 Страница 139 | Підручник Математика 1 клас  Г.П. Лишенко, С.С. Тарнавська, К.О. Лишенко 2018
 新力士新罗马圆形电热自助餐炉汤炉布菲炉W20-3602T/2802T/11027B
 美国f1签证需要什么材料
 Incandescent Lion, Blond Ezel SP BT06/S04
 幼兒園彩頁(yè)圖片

┄┄┄┄┄┄┄┄┄┄

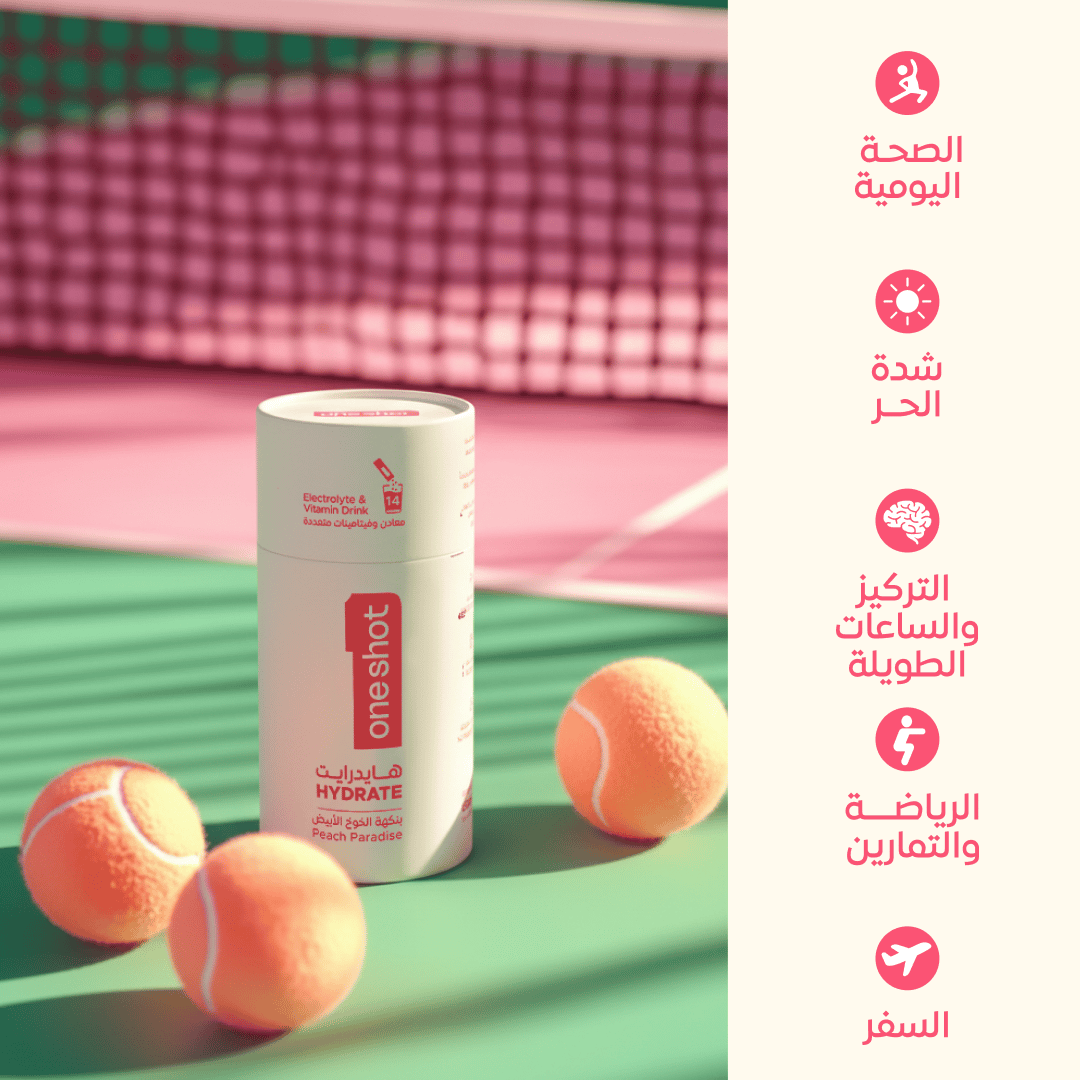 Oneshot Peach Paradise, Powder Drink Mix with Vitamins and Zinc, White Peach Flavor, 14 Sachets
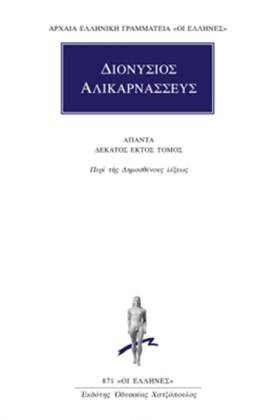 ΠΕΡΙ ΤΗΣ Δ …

┄┄┄┄┄┄┄┄┄┄

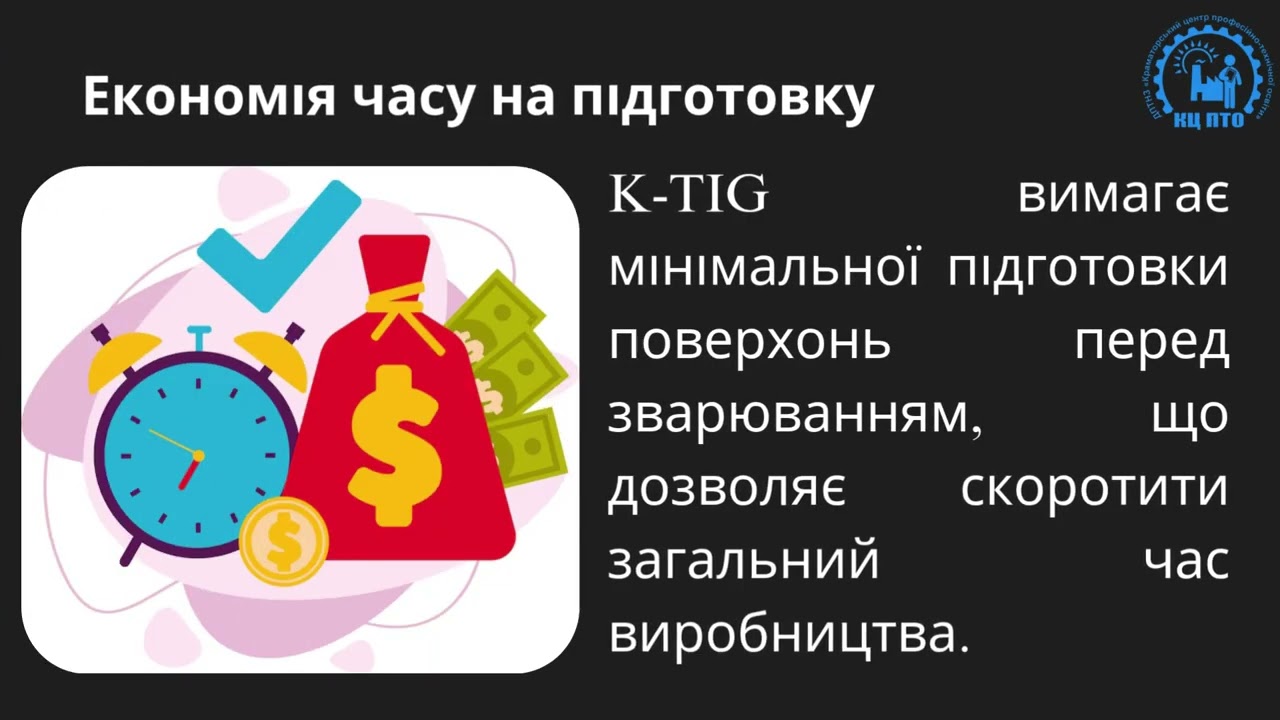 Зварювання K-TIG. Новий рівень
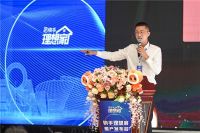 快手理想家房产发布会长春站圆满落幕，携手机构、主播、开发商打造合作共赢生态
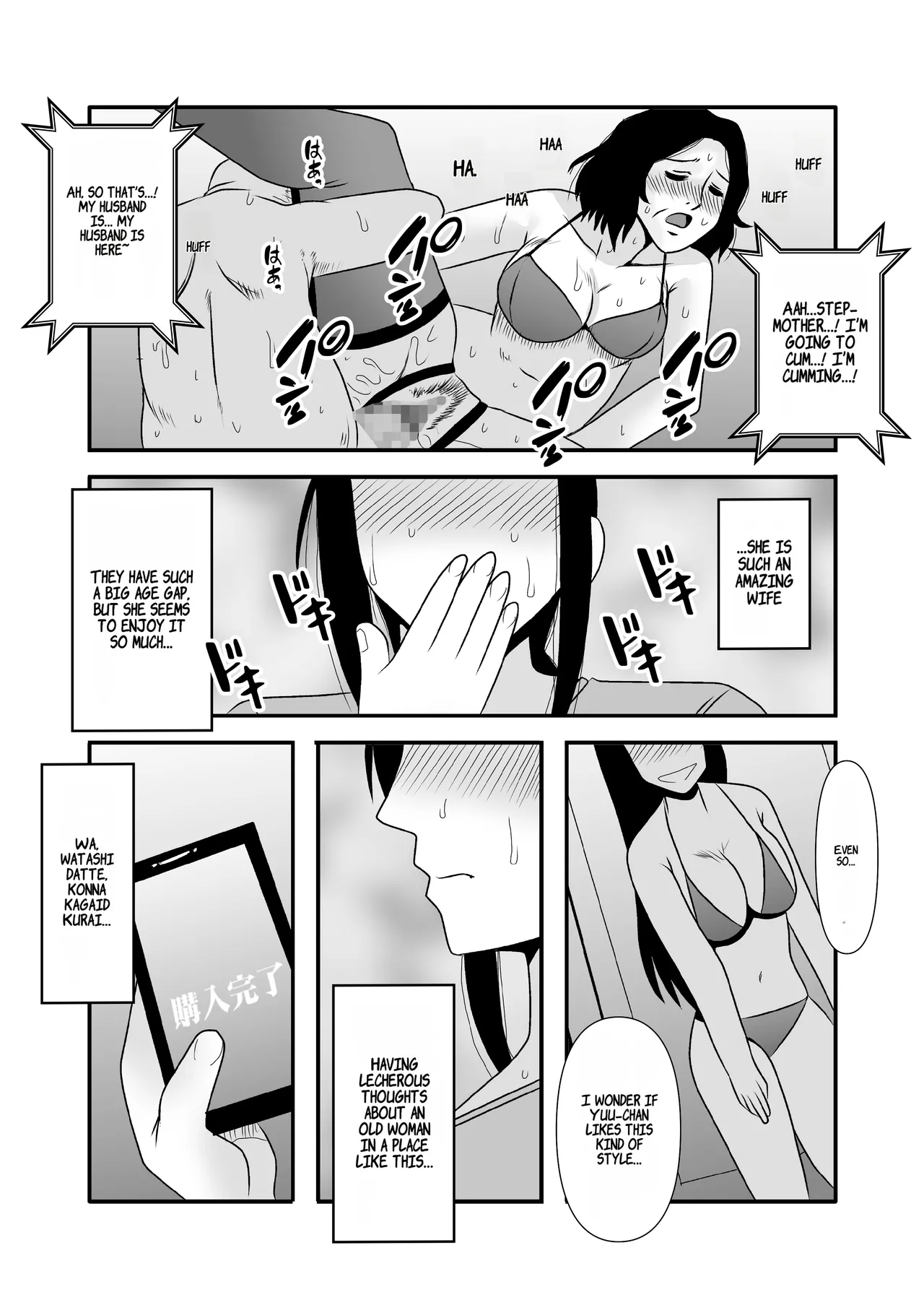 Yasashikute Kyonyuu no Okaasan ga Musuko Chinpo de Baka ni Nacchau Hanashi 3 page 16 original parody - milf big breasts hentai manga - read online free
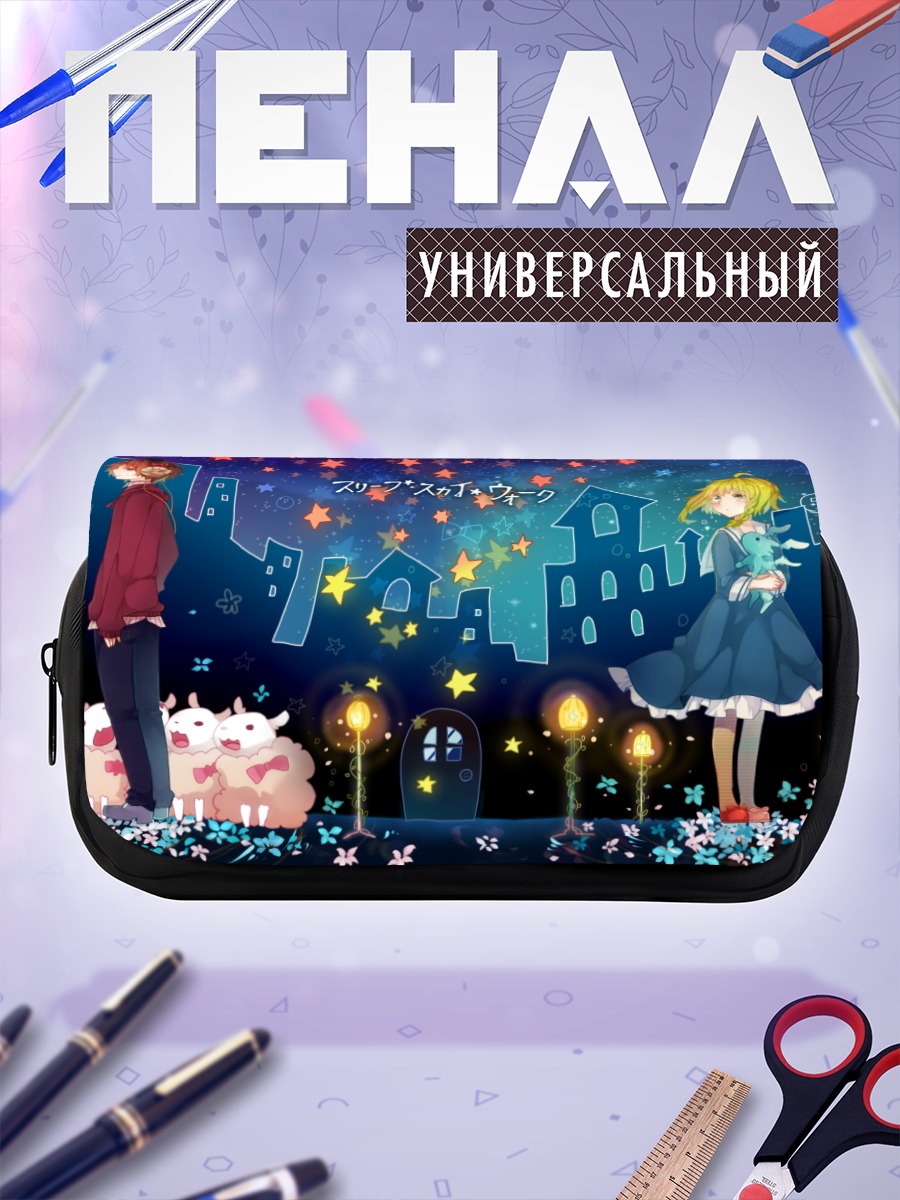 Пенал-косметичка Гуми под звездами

┄┄┄┄┄┄┄┄┄┄

HOW TO COMPLETE THIS TASK: From the records above, extract exactly and only the lines that begin at the line with "美国f1签证需要什么材料" and stop after the line with "幼兒園彩頁(yè)圖片".

ANSWER TO THE EXERCISE:
 美国f1签证需要什么材料
 Incandescent Lion, Blond Ezel SP BT06/S04
 幼兒園彩頁(yè)圖片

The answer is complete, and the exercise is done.